The Nordic Nag Hammadi and Gnosticism Network

Entre os dias 28 de outubro e 4 de novembro de 2007, ocorreu no Shephard Hotel, Cairo, Egito, o chamado “Nordic Nag Hammadi and Gnosticism Network”. Trata-se de um seminário anual realizado pela associação nórdica de estudos coptas, formada pelos estudiosos da Dinamarca, Finlândia, Suécia e Noruega. O seminário é organizado por professores desses países, principalmente o prof. norueguês Einar Thomassen, para quem não conhece, um das referências em valentianismo.

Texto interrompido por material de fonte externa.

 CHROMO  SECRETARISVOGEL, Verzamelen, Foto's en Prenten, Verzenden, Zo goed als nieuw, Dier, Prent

O seminário funciona da seguinte maneira: um texto copta é escolhido para ser traduzido; de manha lê-se o texto traduzindo-o, os participantes têm de lê-lo e traduzí-lo no decorrer do seminário; ocorrem também discussões filológicas em relação ao texto, propondo-se alternativas para o preenchimento de lacunas etc. Ocorrem também muitas discussões sobre o conteúdo e interpretação de passagens obscuras e do sentido e objetivo geral do texto. Em 2006, o texto discutido foi o recém publicado evangelho de Judas. Em 2007, discutiu-se a versão do primeiro apocalipse de Tiago do codex Tchacos, o mesmo codex do evangelho de Judas.

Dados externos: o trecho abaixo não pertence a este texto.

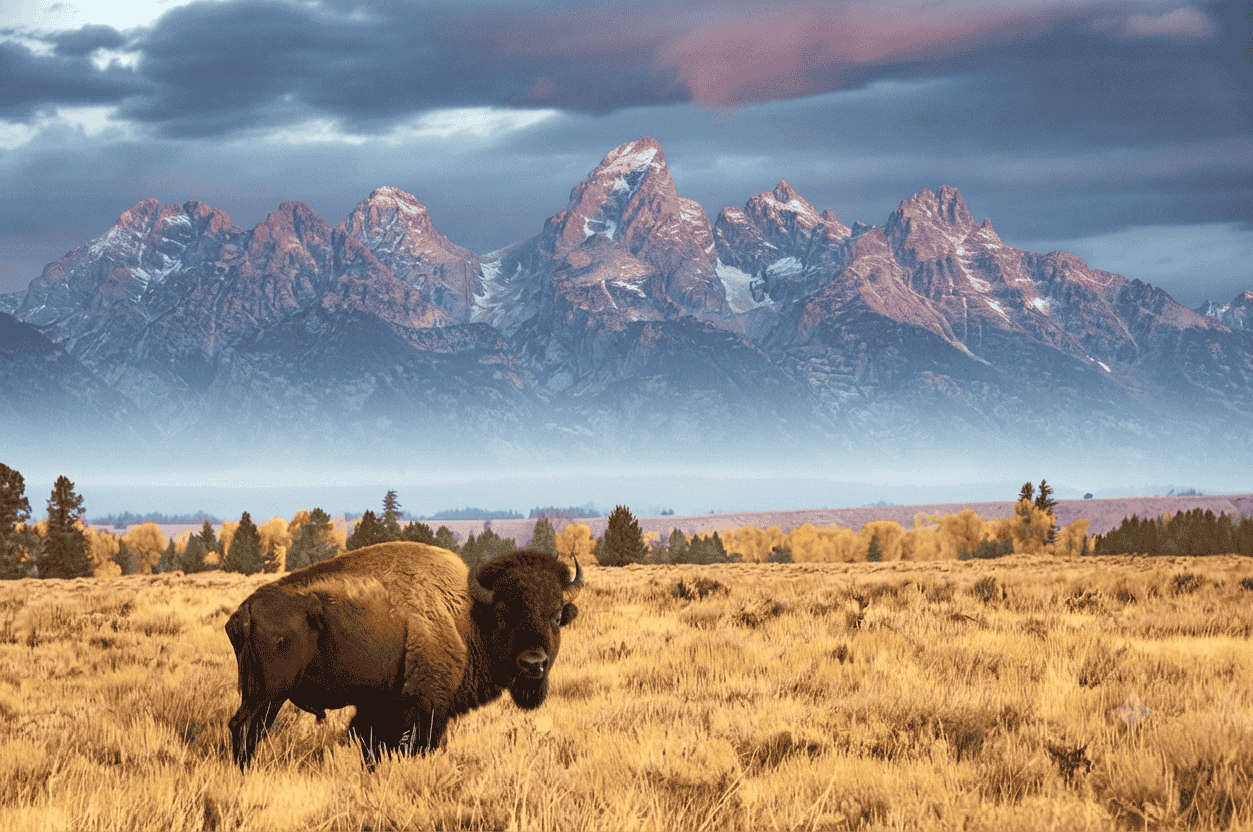 How the National Park Reservation System Works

Durante a tarde, em geral, deixa-se a tradução do texto de lado e os participantes apresentam comunicações científicas. Eu tive a oportunidade de apresentar uma comunicação sobre o codex V de Nag Hammadi e sua relação com a literatura copta do séc. IV. Para quem se interessar, o texto da comunicação está disponível no site do Programa de Estudos Judaico-helenísticos, no link abaixo:

http://www.pej-unb.org/downloads/paper_julio_nh_gn_2007.pdf


Em 2008, o NNHGN ocorrerá em Helsinki, Finlândia.